* _Action item_
Comb the records below for the string "gris" and copy each line where it turns up.

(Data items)

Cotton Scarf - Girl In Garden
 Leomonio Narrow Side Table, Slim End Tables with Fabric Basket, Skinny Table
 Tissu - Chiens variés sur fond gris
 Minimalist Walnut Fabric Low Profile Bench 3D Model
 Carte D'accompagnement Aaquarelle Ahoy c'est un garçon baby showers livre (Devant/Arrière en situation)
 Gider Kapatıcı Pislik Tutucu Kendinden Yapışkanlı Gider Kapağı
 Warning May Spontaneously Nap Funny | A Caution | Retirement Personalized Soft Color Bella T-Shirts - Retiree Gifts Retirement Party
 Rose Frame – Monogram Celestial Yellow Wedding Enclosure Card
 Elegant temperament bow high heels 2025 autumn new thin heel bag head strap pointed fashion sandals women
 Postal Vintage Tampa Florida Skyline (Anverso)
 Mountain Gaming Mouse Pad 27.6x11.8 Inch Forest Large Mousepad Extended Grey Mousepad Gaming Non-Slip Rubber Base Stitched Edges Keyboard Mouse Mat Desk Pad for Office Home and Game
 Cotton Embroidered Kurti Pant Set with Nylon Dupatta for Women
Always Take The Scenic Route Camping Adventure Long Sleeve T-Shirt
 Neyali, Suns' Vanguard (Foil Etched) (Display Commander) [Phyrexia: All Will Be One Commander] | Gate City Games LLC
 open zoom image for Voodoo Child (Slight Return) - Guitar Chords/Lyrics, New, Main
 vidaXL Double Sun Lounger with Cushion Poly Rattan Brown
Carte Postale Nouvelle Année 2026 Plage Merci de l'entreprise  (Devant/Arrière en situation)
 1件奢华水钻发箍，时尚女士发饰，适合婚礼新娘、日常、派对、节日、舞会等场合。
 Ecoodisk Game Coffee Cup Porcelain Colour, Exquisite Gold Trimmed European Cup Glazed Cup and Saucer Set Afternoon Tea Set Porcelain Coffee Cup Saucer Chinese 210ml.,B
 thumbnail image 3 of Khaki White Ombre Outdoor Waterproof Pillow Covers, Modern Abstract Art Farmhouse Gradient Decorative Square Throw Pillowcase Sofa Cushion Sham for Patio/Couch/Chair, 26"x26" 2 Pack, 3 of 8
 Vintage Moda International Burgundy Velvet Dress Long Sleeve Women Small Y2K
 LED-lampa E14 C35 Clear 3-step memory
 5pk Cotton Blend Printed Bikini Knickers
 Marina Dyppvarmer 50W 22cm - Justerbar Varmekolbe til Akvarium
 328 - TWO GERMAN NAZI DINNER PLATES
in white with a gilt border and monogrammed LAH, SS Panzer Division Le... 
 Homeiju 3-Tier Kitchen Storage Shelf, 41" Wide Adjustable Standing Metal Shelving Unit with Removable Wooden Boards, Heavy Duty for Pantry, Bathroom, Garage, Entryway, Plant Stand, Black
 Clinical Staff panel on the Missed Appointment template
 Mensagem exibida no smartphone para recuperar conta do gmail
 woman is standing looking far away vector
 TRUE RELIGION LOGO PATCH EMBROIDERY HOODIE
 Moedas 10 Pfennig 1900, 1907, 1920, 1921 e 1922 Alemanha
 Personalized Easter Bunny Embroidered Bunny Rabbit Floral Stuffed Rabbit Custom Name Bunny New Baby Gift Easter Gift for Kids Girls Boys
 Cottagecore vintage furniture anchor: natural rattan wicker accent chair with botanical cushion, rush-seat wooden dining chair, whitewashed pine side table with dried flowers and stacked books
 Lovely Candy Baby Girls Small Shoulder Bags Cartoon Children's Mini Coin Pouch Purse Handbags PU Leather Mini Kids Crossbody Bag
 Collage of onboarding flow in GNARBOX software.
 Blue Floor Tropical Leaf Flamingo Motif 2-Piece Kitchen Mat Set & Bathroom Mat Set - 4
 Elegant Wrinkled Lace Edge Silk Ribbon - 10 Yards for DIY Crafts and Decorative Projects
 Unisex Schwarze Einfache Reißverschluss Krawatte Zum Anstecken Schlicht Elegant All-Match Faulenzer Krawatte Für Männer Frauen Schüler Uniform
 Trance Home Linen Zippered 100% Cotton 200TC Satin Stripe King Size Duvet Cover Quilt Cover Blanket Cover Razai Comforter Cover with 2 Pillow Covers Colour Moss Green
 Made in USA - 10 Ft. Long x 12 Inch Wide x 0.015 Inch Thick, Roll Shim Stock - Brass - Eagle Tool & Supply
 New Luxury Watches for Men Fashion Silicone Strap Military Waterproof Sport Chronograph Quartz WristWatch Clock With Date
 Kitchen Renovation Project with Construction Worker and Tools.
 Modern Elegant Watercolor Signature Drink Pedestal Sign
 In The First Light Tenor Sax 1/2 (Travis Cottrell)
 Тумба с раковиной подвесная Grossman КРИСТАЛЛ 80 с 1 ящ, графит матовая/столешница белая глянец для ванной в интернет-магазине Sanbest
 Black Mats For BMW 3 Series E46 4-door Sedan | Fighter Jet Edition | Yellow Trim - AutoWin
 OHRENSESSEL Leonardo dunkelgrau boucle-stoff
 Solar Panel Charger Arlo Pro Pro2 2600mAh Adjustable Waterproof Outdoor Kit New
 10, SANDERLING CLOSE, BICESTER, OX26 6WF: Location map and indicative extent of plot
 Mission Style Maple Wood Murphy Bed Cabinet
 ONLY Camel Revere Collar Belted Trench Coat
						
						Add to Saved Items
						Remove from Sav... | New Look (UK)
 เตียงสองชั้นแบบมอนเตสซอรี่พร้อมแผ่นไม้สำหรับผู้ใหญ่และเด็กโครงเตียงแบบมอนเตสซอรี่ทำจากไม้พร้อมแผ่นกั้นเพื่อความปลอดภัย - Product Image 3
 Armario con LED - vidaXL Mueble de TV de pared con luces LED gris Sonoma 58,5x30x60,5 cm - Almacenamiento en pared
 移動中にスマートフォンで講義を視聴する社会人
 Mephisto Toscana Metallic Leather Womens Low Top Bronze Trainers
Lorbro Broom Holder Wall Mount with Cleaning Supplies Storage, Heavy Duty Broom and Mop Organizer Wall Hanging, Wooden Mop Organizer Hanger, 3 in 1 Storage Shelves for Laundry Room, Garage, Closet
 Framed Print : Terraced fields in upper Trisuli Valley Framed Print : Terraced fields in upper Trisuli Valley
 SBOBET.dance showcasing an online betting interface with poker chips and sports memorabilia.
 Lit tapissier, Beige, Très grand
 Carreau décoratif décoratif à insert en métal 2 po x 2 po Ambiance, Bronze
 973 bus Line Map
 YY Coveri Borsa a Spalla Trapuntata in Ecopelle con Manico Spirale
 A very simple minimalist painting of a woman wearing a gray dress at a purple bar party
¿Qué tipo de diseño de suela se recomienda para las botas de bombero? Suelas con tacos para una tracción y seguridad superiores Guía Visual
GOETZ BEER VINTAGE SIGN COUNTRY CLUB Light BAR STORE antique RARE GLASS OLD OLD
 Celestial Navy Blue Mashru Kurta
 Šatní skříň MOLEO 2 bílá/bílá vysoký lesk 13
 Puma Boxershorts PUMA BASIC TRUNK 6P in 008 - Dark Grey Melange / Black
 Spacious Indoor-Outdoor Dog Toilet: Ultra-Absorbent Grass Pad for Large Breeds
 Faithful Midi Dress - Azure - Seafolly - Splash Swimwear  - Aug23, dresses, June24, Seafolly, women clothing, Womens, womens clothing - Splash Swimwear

* _Answer to this exercise_
 Tissu - Chiens variés sur fond gris
 Armario con LED - vidaXL Mueble de TV de pared con luces LED gris Sonoma 58,5x30x60,5 cm - Almacenamiento en pared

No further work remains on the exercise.